Implementation of the ReversibleTransformation base class and its concrete reverse() implementations that undo graph transformations applied to PyTorch FX graph modules.

Source

File: optimum/fx/optimization/transformations.py

ReversibleTransformation Base Class (L175-234)

class ReversibleTransformation(Transformation, ABC):
    @abstractmethod
    def reverse(self, graph_module: GraphModule) -> GraphModule:
        raise NotImplementedError("The reverse transform method needs to be implemented.")

    def __call__(
        self, graph_module: GraphModule, lint_and_recompile: bool = True, reverse: bool = False
    ) -> GraphModule:
        func = self.transform if not reverse else self.reverse
        graph_module = func(graph_module)
        if lint_and_recompile:
            graph_module.graph.lint()
            graph_module.recompile()
        return graph_module

    def mark_as_restored(self, node: Node):
        node_transformations = getattr(node, "transformations", set())
        if self.signature not in node_transformations:
            raise ValueError("The node was not transformed by this transformation.")
        node_transformations.remove(self.signature)
Method Line Range Description
reverse L184-195 Abstract method; must be implemented by subclasses to undo their transformation
__call__ L197-220 Dispatch: calls self.transform or self.reverse based on reverse parameter
mark_as_restored L222-234 Removes the transformation's signature from a node; raises ValueError if the node was not previously transformed

Dispatch Mechanism (L215)

The key line that determines forward vs. reverse execution:

func = self.transform if not reverse else self.reverse

This enables a unified calling interface where the same transformation object handles both application and reversal.

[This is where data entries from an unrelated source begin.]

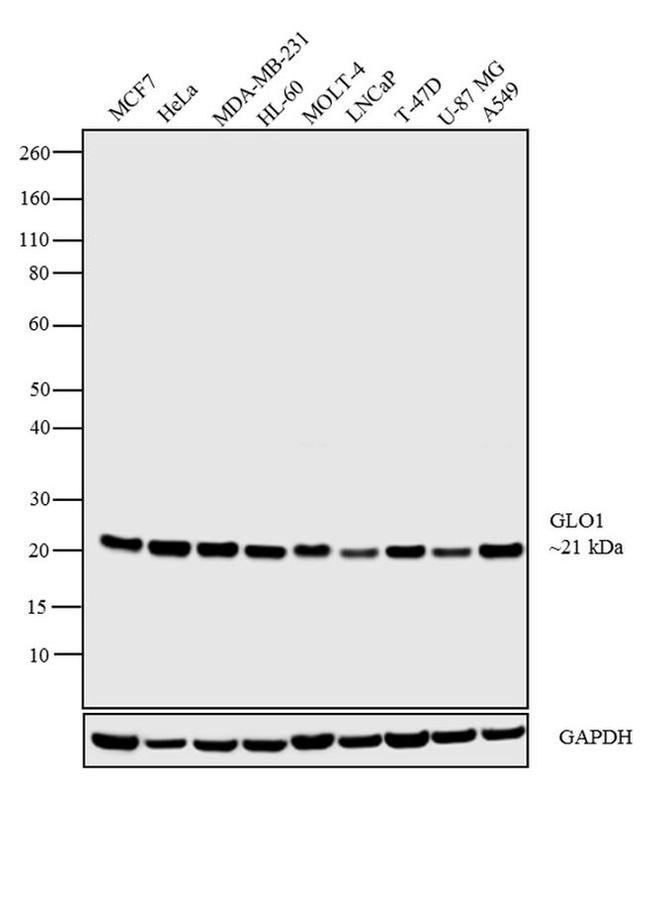 GLO1 Antibody in Western Blot (WB)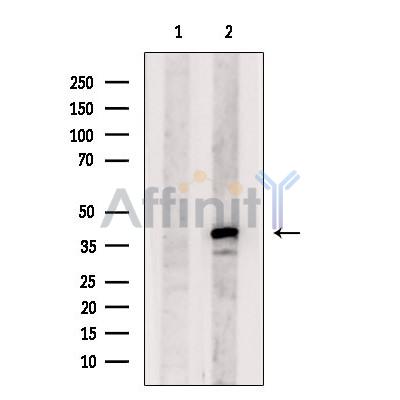 KCNK7 Antibody - Western blot analysis of extracts from Rat  muscle, using KCNK7 Antibody.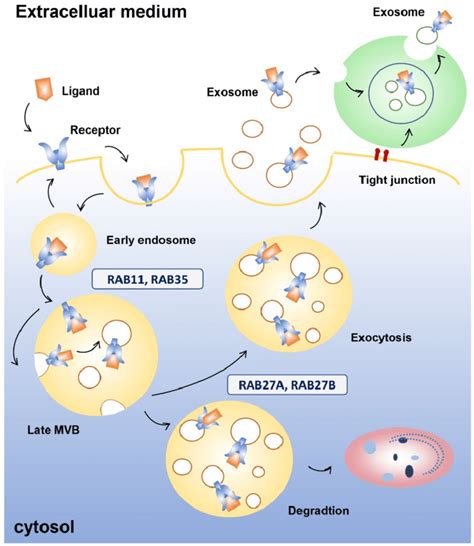 Endocytosis is a process where cells absorb material (molecules such as proteins) from the outside by engulfing it with their cell membrane. Exosome endocytosis and secretion. Early endosomes are ...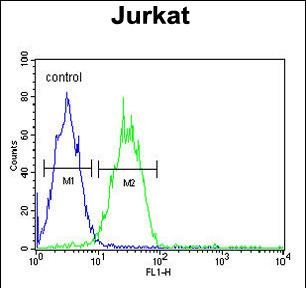 Anti-ARGLU1 antibody, N-term used in Flow cytometry/FACS. GTX80436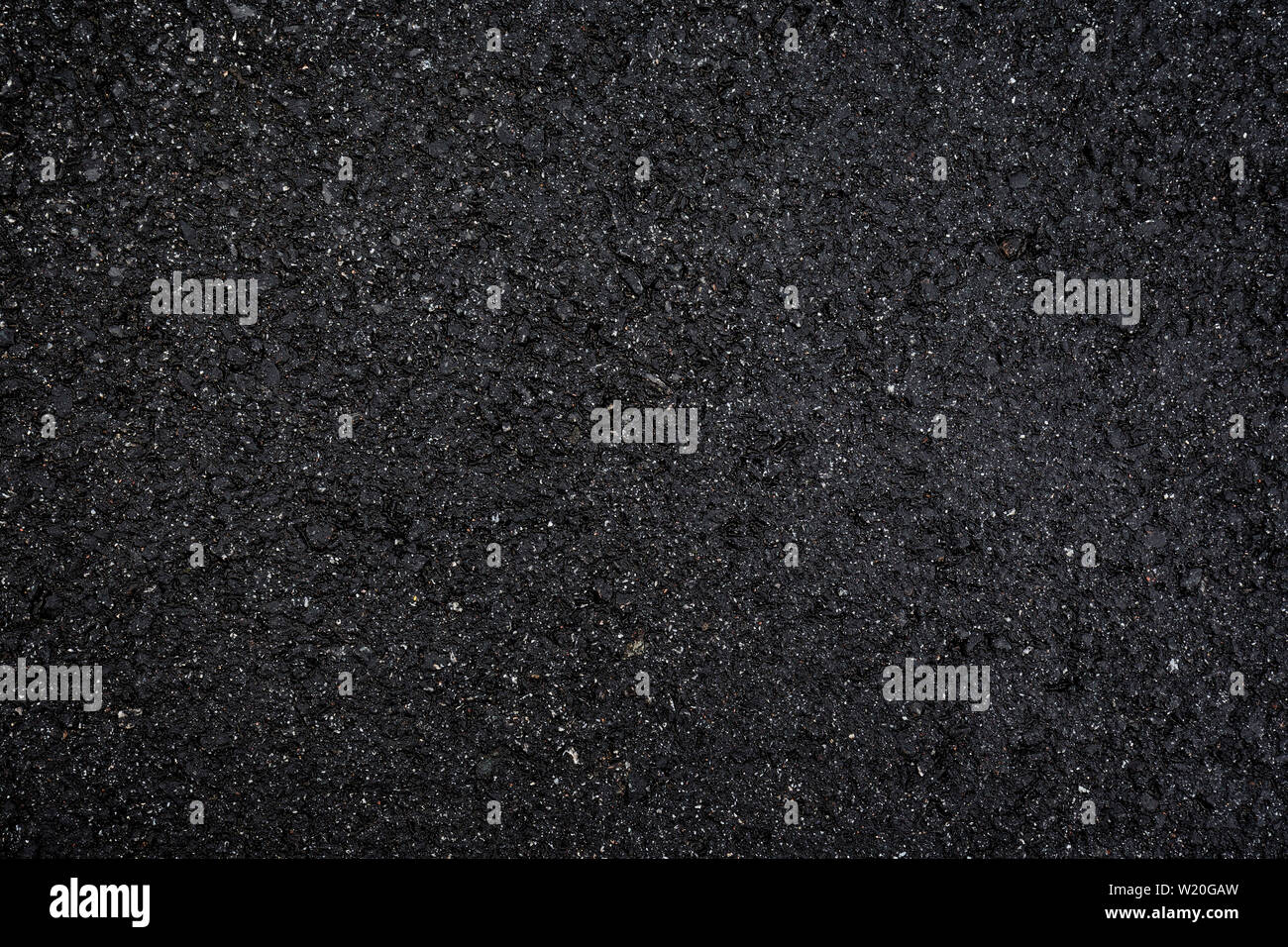 Hiperecia fotografías e imágenes de alta resolución - Alamy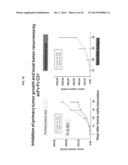 FULLY HUMAN ANTIBODIES TO HIGH MOLECULAR WEIGHT-MELANOMA ASSOCIATED     ANTIGEN AND USES THEREOF diagram and image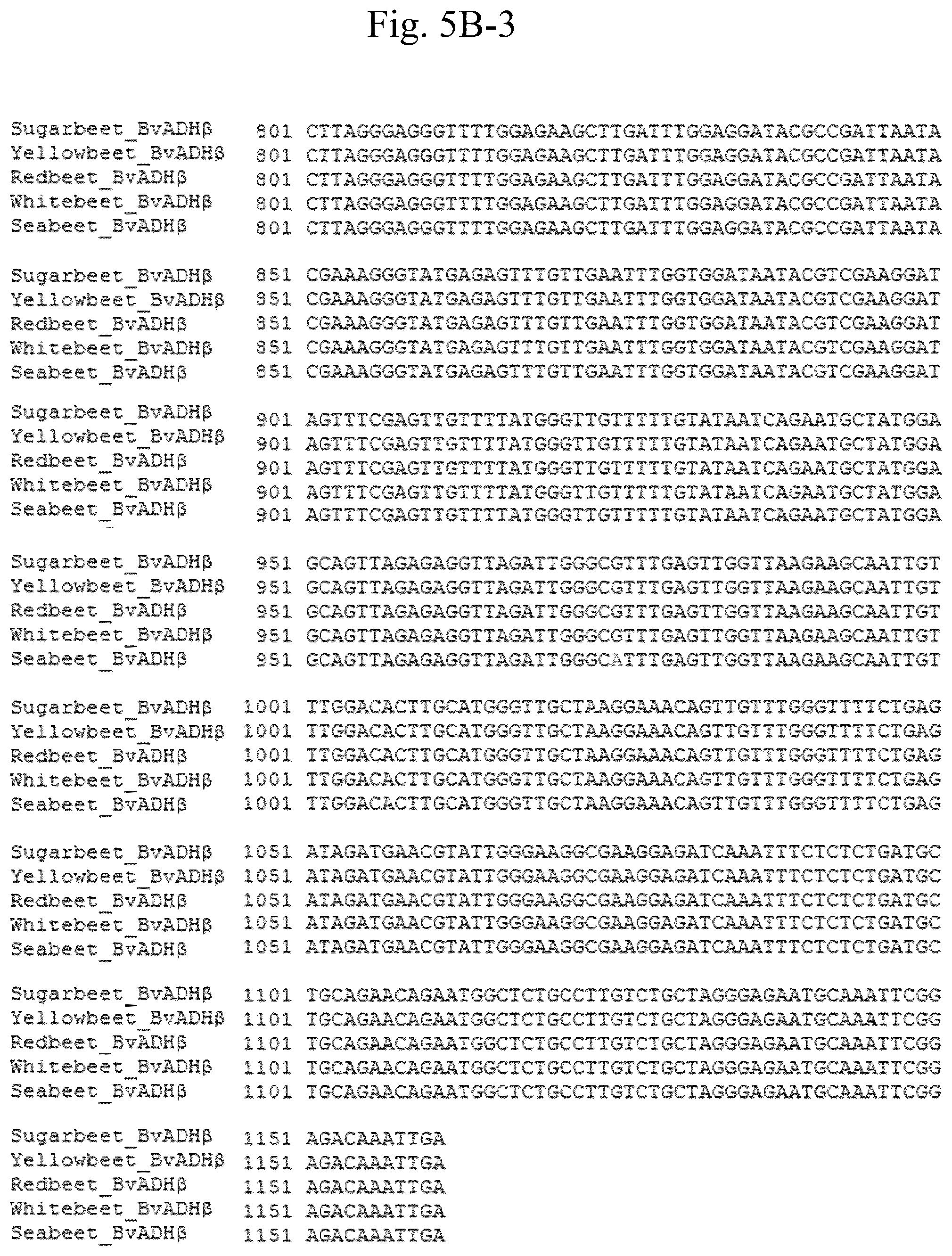 Patent US12378567 Figure 15 – Arogenate dehydrogenase polynucleotides, polypeptides and methods of using the same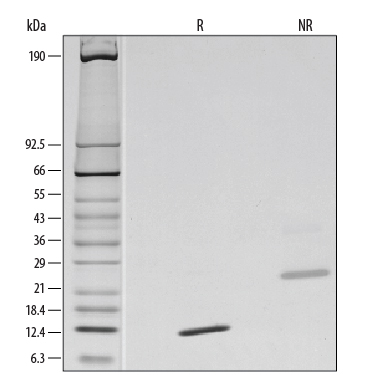Recombinant Human TGF-beta 2 Protein SDS-PAGE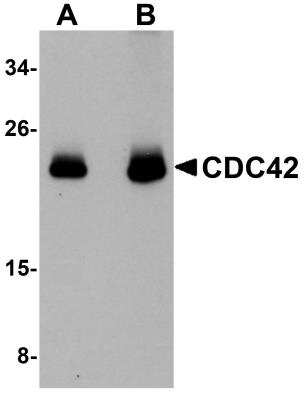 Western Blot: CDC42 AntibodyBSA Free [NBP1-76330]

Concrete Reverse Implementations

MergeLinears.reverse (L386-389)

Splits merged linear layers back into their original individual linear layers.

def reverse(self, graph_module: GraphModule) -> GraphModule:
    for node in self.get_transformed_nodes(graph_module):
        self._unmerge_linears(graph_module, node, graph_module.get_submodule(node.target))
    return graph_module

The _unmerge_linears static method (L322-365) performs the actual restoration:

  1. Reads the original linear targets from merged_linear_node.linear_node_targets.
  2. Sorts output nodes by their slice start index to match the original concatenation order.
  3. Creates new individual nn.Linear modules with weights extracted from the merged linear.
  4. Restores each output node's op to "call_module" and its target to the original module path.
  5. Deletes the merged linear module and erases its node from the graph.

FuseBiasInLinear.reverse (L429-443)

Restores the original bias and input connections for linear layers that had their bias fused into the weight.

def reverse(self, graph_module: GraphModule) -> GraphModule:
    for node in self.get_transformed_nodes(graph_module):
        node.args = (node.start_node,)
        n = node.end_node
        while n is not node.start_node:
            if n not in node.nodes_to_ignore:
                graph_module.graph.erase_node(n)
            n = n.prev
        self.mark_as_restored(node)
        module = graph_module.get_submodule(node.target)
        new_weight = torch.nn.Parameter(module.weight[:, :-1])
        new_bias = torch.nn.Parameter(module.weight[:, -1].squeeze())
        module.weight = new_weight
        module.bias = new_bias
    return graph_module

How it works:

  1. Restores the original input connection by setting node.args back to (node.start_node,).
  2. Erases the inserted concatenation nodes (walking backward from end_node to start_node, skipping nodes that existed before the transformation).
  3. Removes the transformation's signature via mark_as_restored.
  4. Extracts the original weight (all columns except the last) and bias (the last column) from the extended weight matrix.

ChangeTrueDivToMulByInverse.reverse (L467-474)

Restores division operations that were converted to multiplication by inverse.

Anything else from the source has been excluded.